--- Input data ---
"""
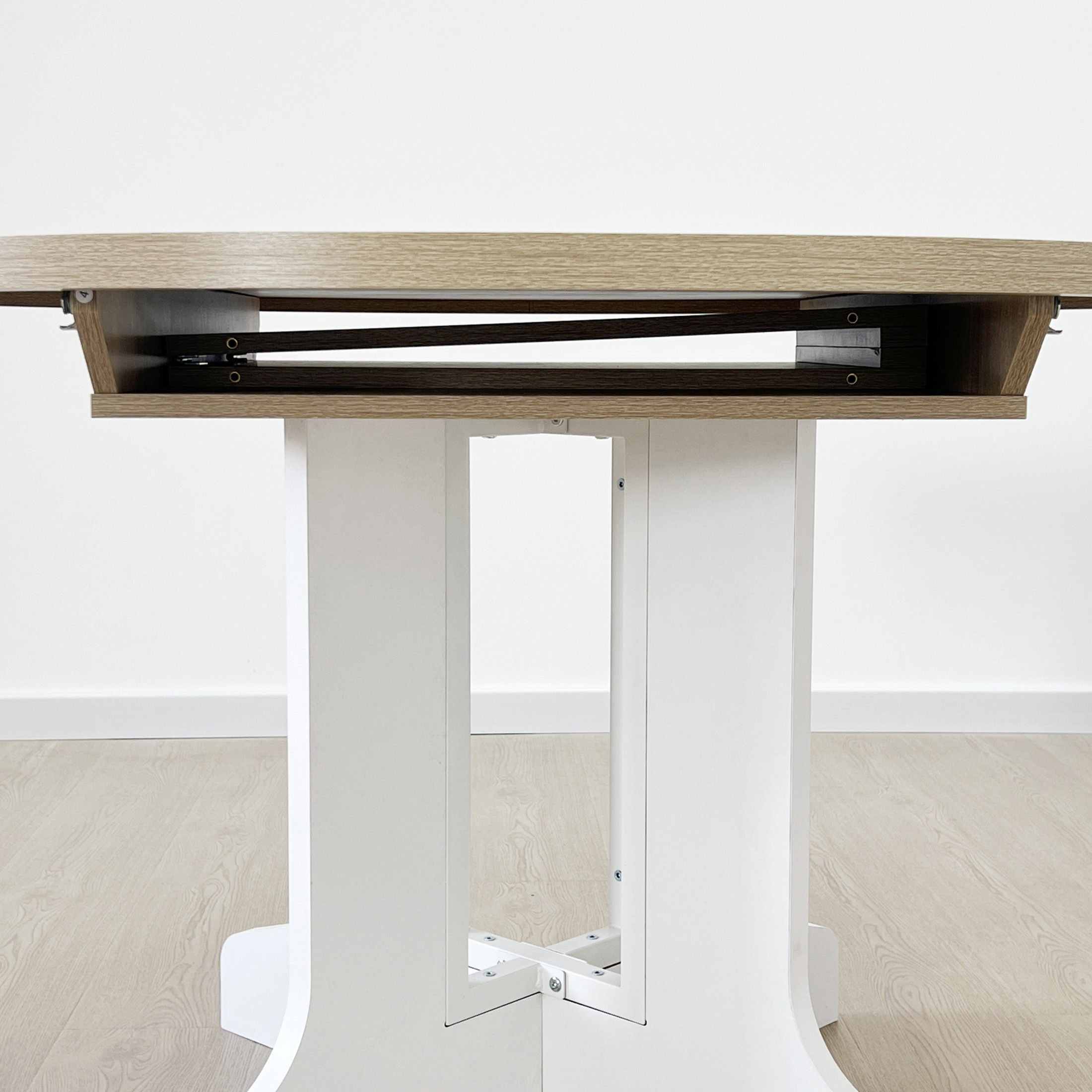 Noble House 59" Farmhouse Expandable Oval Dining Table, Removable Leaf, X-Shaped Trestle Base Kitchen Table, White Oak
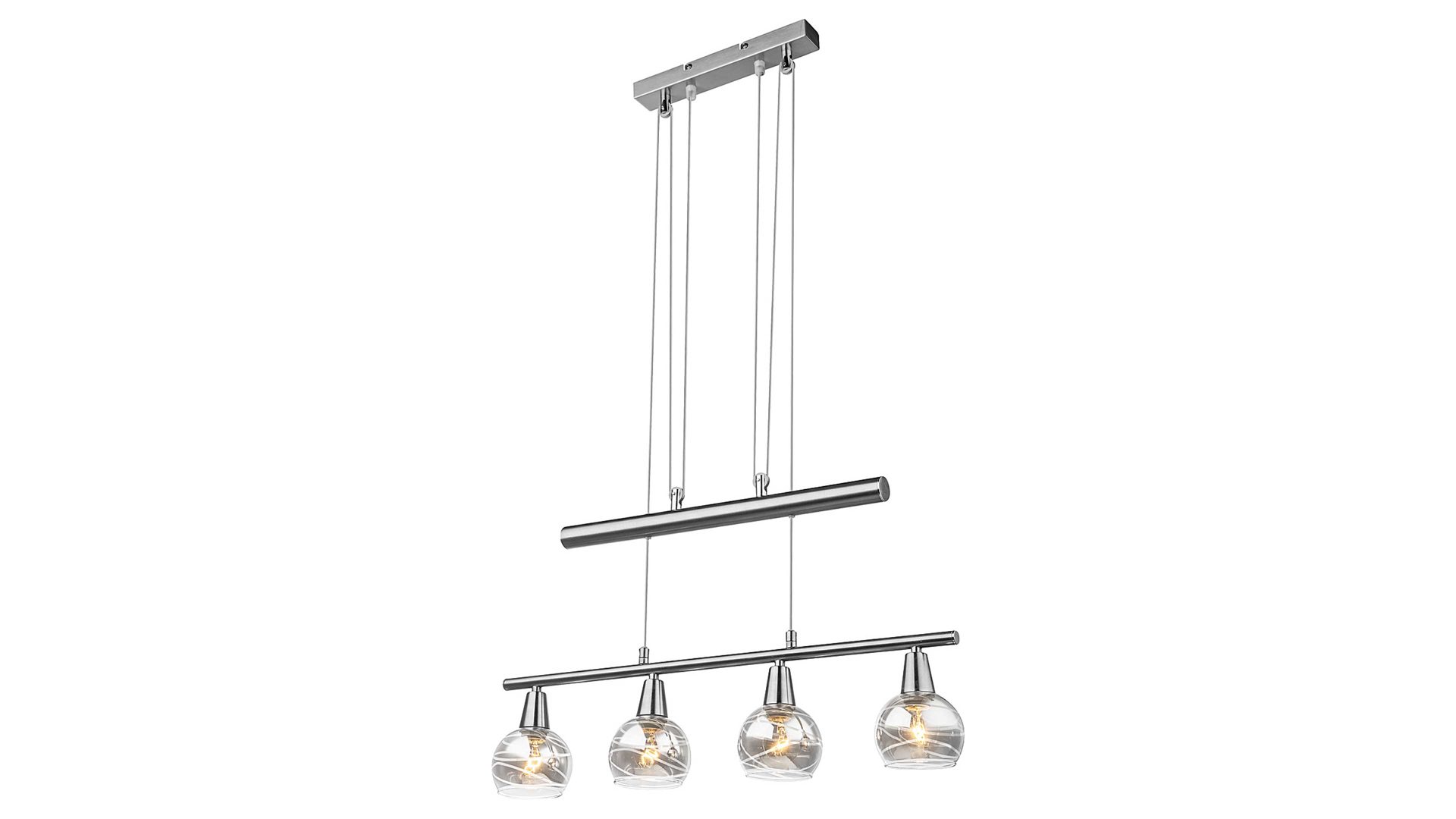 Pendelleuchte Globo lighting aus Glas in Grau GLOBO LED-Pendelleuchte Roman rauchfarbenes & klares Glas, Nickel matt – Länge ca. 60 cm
"""
"""
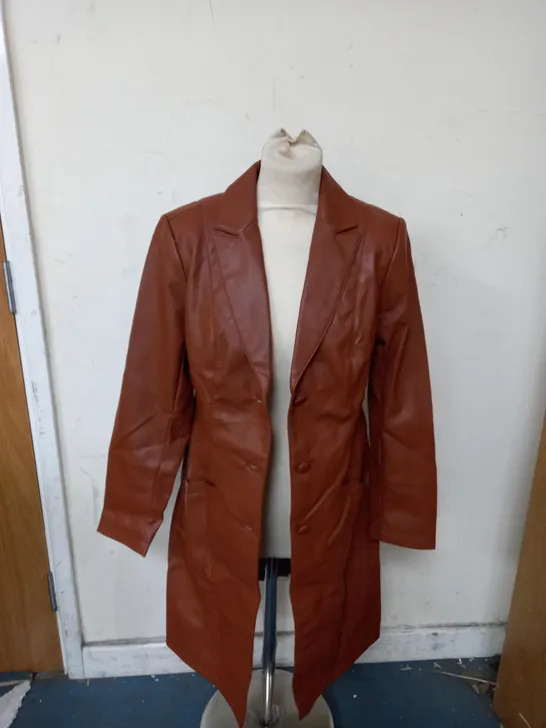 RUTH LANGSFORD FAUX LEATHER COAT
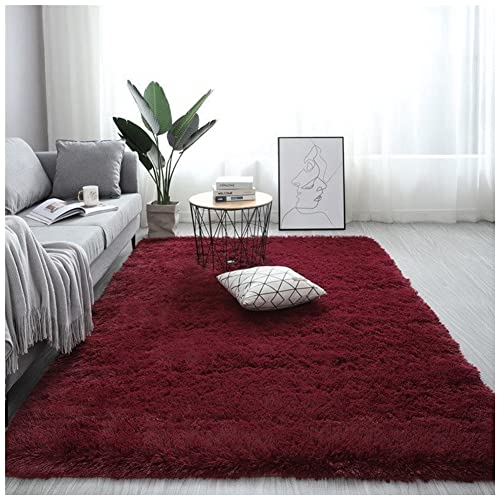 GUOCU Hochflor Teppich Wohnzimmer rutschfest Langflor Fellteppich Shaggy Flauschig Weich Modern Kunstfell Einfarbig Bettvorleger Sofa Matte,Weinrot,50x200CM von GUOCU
"""
"""
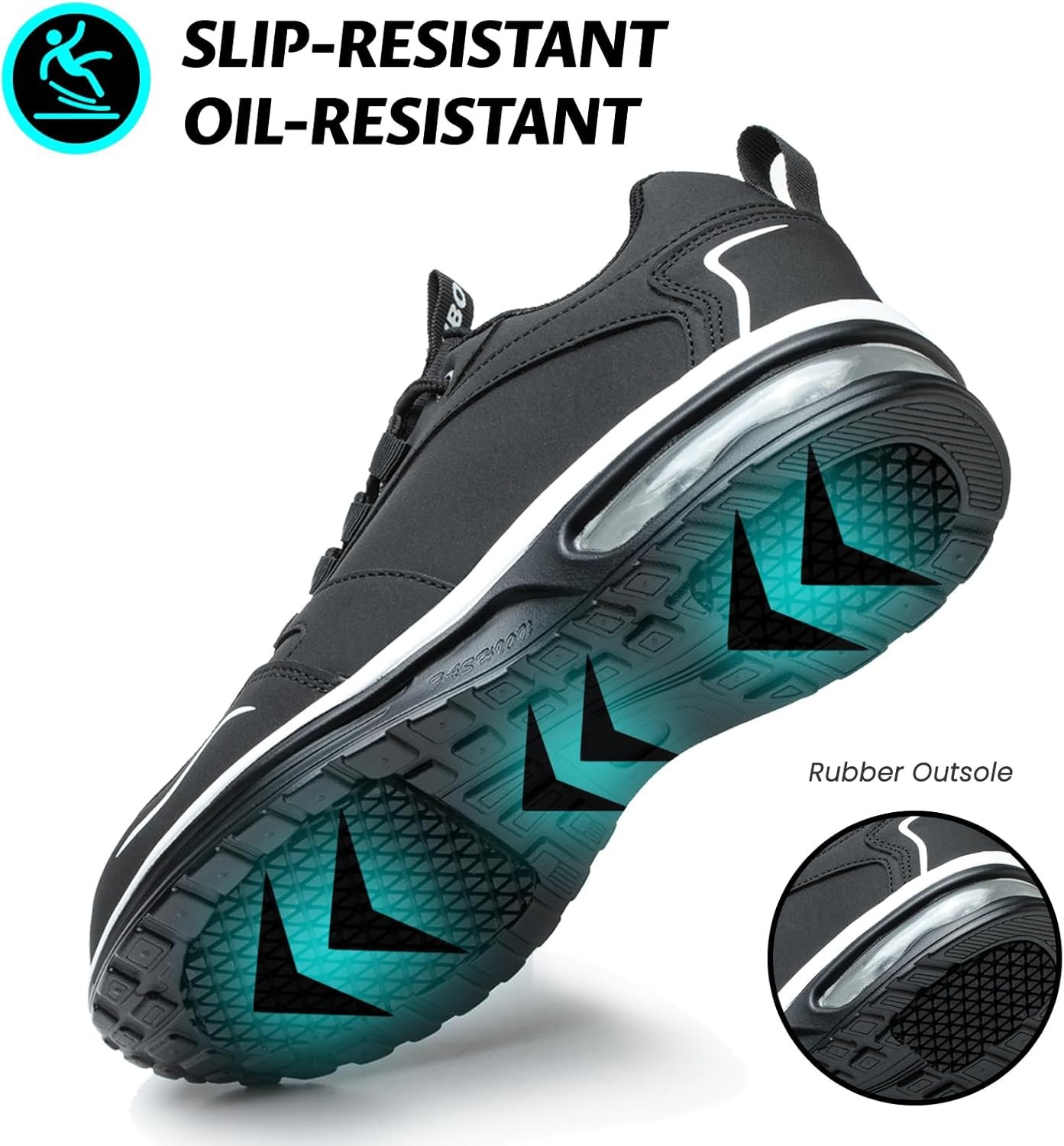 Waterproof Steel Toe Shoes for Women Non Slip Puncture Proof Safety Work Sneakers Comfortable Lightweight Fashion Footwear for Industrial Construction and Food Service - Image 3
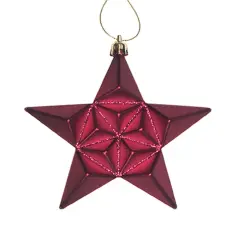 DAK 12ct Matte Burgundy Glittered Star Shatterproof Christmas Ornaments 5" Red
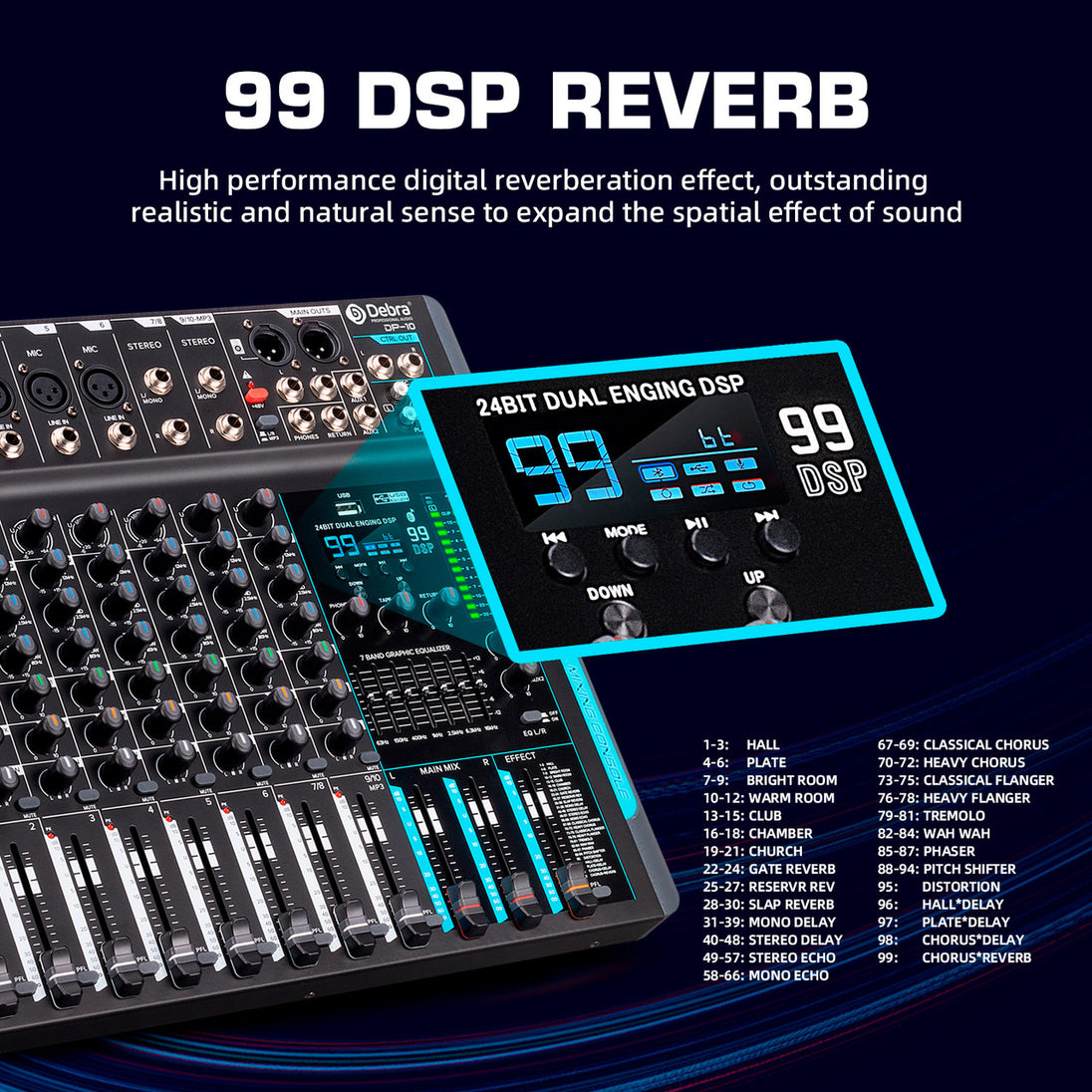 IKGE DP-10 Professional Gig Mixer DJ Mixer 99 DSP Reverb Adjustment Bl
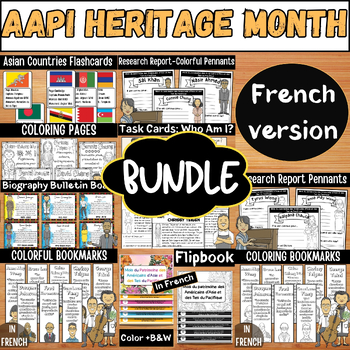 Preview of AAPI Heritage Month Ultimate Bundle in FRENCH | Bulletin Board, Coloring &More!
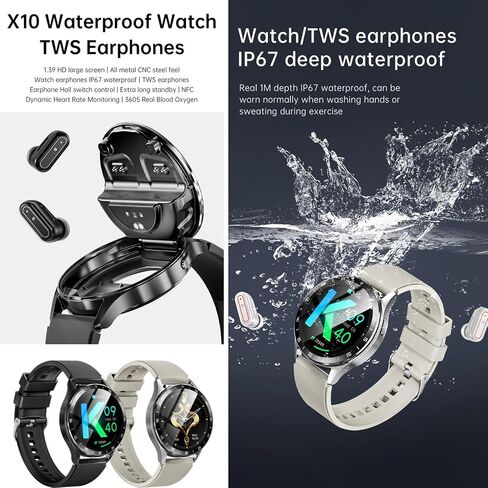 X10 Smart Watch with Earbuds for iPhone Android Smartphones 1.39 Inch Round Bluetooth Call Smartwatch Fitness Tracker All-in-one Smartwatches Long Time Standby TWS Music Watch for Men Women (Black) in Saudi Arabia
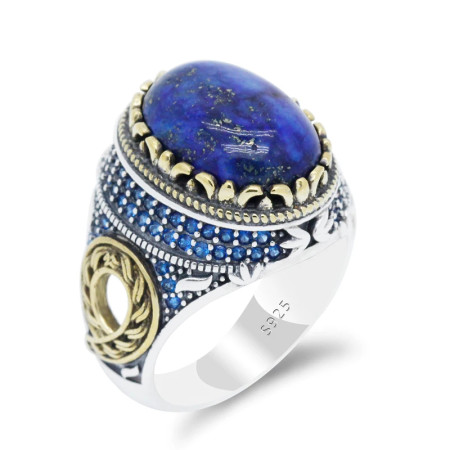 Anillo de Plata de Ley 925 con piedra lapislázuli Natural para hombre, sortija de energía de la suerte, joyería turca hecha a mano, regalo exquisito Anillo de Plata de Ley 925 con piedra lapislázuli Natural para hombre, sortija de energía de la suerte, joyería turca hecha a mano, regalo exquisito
"""
--- What the task asks ---
Within these entries, output exactly the lines starting at the one with "Preview of AAPI" and finishing at the one with "X10 Smart Watch". Leave pictures out of the output.

--- Response below ---
 Preview of AAPI Heritage Month Ultimate Bundle in FRENCH | Bulletin Board, Coloring &More!
 X10 Smart Watch with Earbuds for iPhone Android Smartphones 1.39 Inch Round Bluetooth Call Smartwatch Fitness Tracker All-in-one Smartwatches Long Time Standby TWS Music Watch for Men Women (Black) in Saudi Arabia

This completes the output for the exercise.